Reputation: 1167
I have a text file which contains content scraped from webpages. The text file is structured like this:
|NEWTAB|lkfalskdjlskjdflsj|NEWTAB|lkjsldkjslkdjf|NEWTAB|sdlfkjsldkjf|NEWLINE|lksjlkjsdl|NEWTAB|lkjlkjlkj|NEWTAB|sdkjlkjsld
|NEWLINE| indicates the start of a new line (i.e., a new row in the data) |NEWTAB| indicates the start of a new field within a line (i.e. a new column in the data)
I need to split the text file into fields and lines and store in an array or some other data structure. Content between |NEWLINE| strings may contain actual new lines (i.e. \n), but these don't indicate an actual new row in the data.
I started by reading each character in one by one and looking at sets of 8 consecutive characters to see if they contained |NEWTAB|. My method proved to be unreliable and ugly. I am looking for the best practice on this.
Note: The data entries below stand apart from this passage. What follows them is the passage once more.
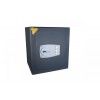 Сейф меблевий Technomax GMD/7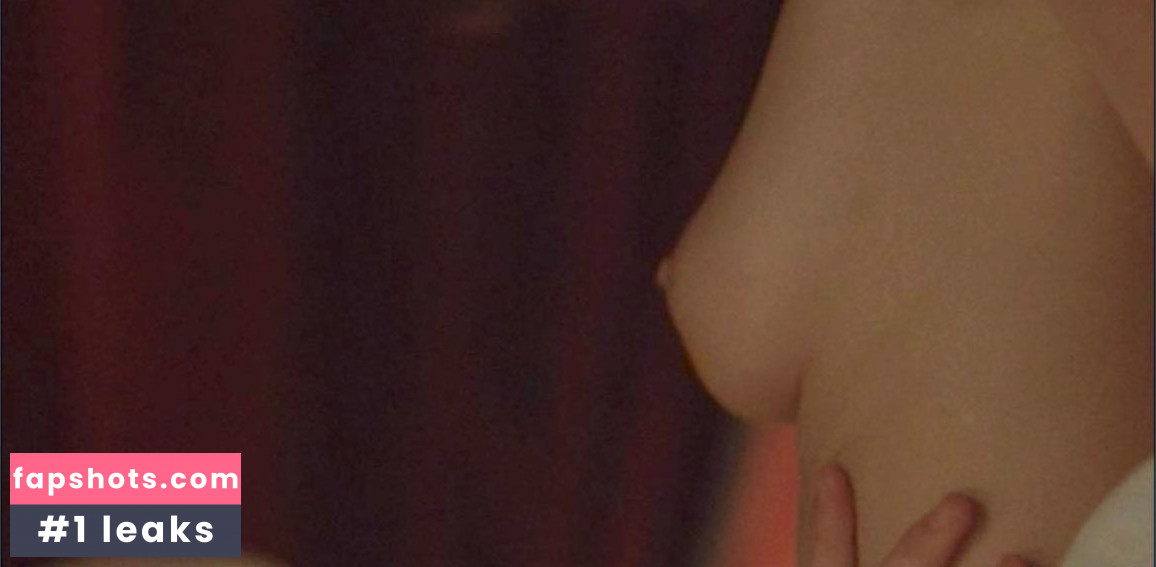 Elizabeth Hurley gallery photo #1361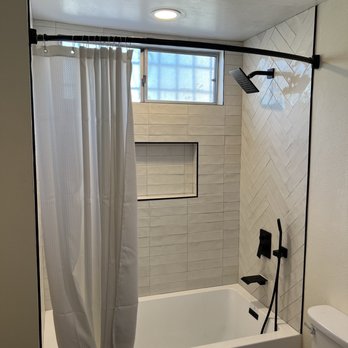 Arizona Tile - Flooring Near Me - San Diego, California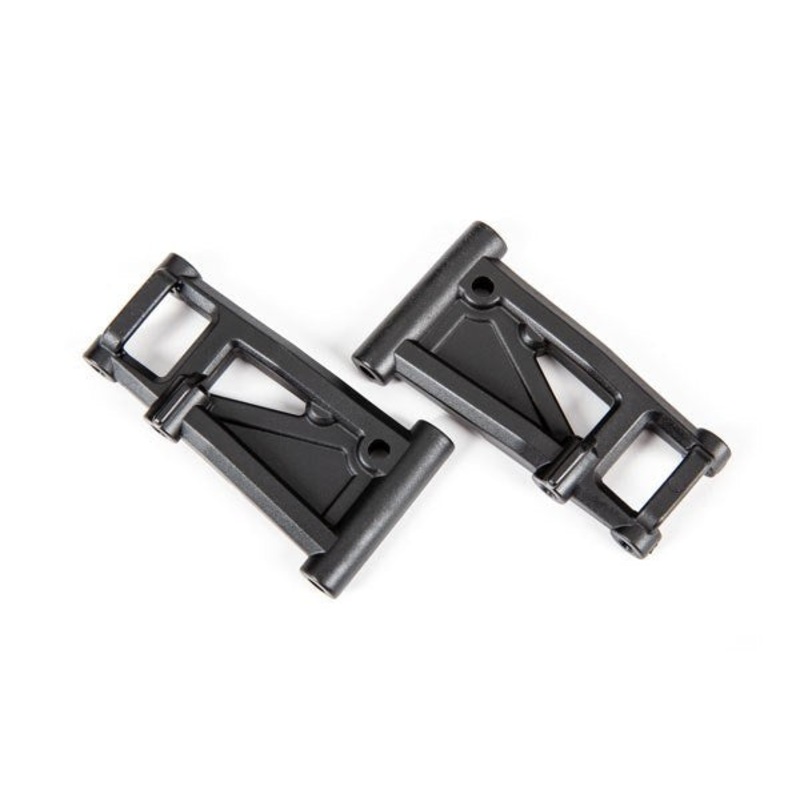 Traxxas 9331 – Suspension arms rear (2)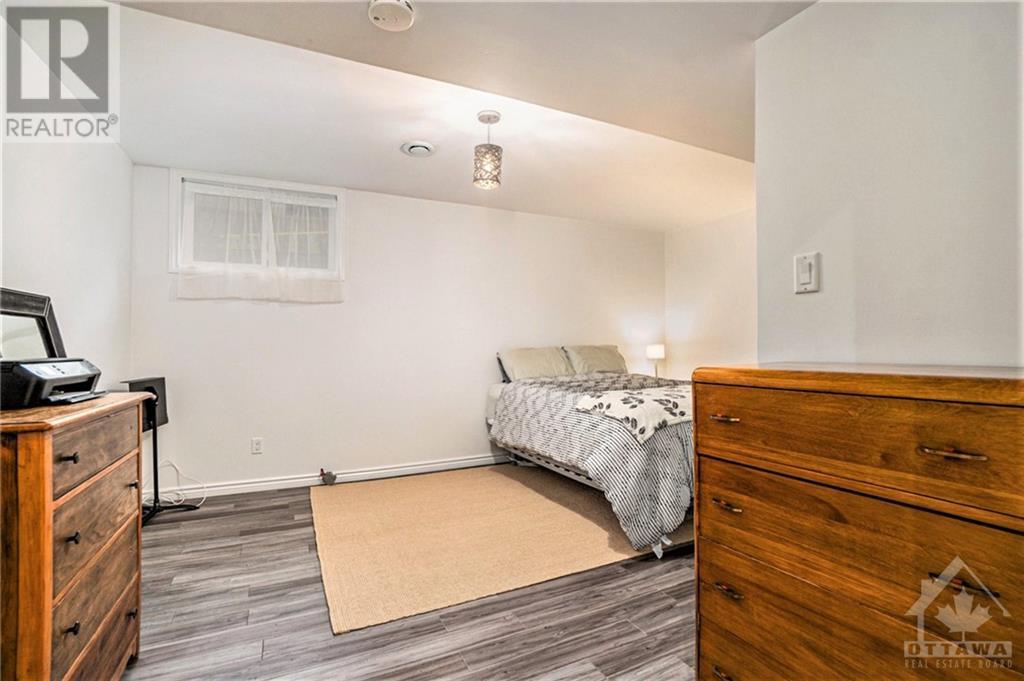 664 Bathurst Avenue, Ottawa, Ontario  K1G 0X8 - Photo 27 - 1366974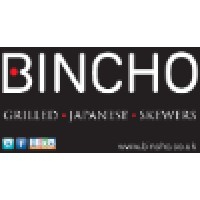 Bincho Yakitori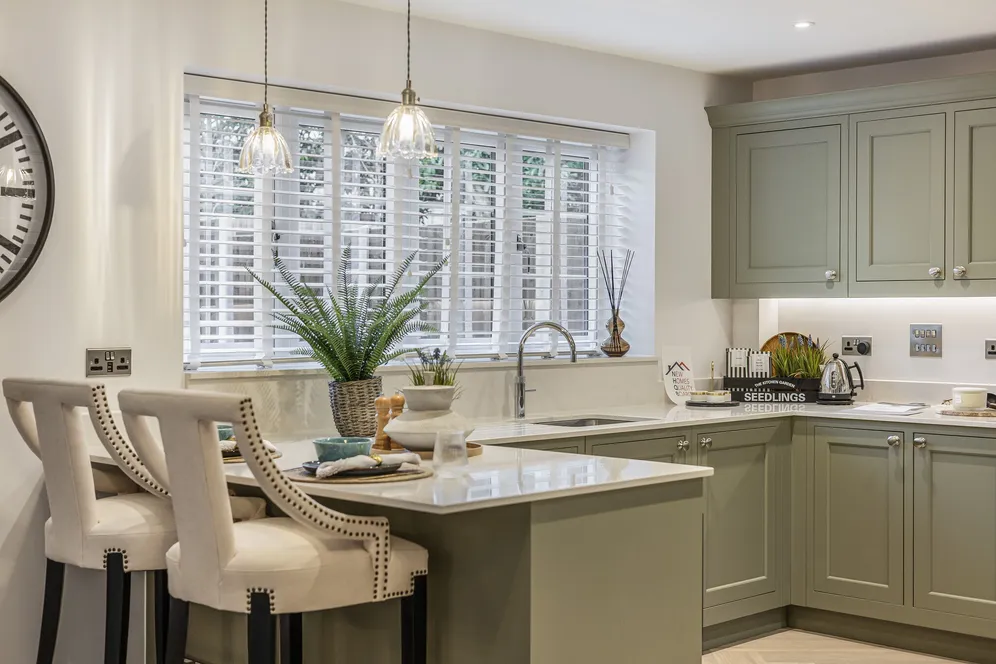 Otway Close, Tadworth, KT20 photo 6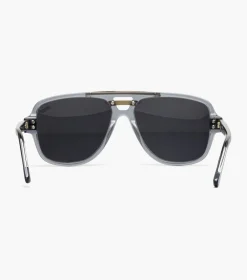 Stacy Adams Gable Uv Sunglasses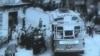 16x9 Image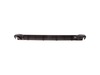 1525951-2-S-Frigidaire-240324411         -Kickplate Grille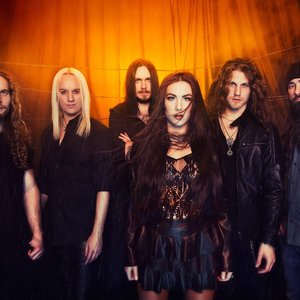 Amaranthe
Would the best method be to read the whole text file in as a single string, and then use a string split on "|NEWLINE|" and then string splits on the resulting strings using "|NEWTAB|"?
Many thanks!
Upvotes: 2
Views: 2869
Reputation: 7579
You could do something like this:
Scanner scanner = new Scanner(new File("myFile.txt"));
List<List<String>> rows = new ArrayList<List<String>>();
List<String> column = new ArrayList<String>();
while (scanner.hasNext()) {
for (String elem : scanner.nextLine().split("\\|")) {
System.out.println(elem);
if (elem.equals("NEWTAB") || elem.equals(""))
continue;
else if (elem.equals("NEWLINE")) {
rows.add(column);
column = new ArrayList<String>();
} else
column.add(elem);
}
}
Took me a while to write it up, since I don't have IntelliJ or Eclipse on this computer and had to use Emacs.
EDIT: This is a bit more verbose than I like, but it works with |
s that are part of the text:
Scanner scanner = new Scanner(new File("myFile.txt"));
List<List<String>> rows = new ArrayList<List<String>>();
List<String> lines = new ArrayList<String>();
String line = "";
while (scanner.hasNext()) {
line += scanner.nextLine();
int index = 0;
while ((index = line.indexOf("|NEWLINE|")) >= 0) {
lines.add(line.substring(0, index));
line = line.substring(index + 9);
}
}
if (!line.equals(""))
lines.add(line);
for (String l : lines) {
List<String> columns = new ArrayList<String>();
for (String column : l.split("\\|NEWTAB\\|"))
if (!column.equals(""))
columns.add(column);
rows.add(columns);
}
Upvotes: 1
Reputation: 1167
I think that the other answers will work too, but my solution is as follows:
FileReader inputStream = null;
StringBuilder builder = new StringBuilder();
try {
inputStream = new FileReader(args[0]);
int c;
char d;
while ((c = inputStream.read()) != -1) {
d = (char)c;
builder.append(d);
}
}
finally {
if (inputStream != null) {
inputStream.close();
}
}
String myString = builder.toString();
String rows[] = myString.split("\\|NEWLINE\\|");
for (String row : rows) {
String cols[] = row.split("\\|NEWTAB\\|");
/* do something with cols - e.g., store */
}
Upvotes: 1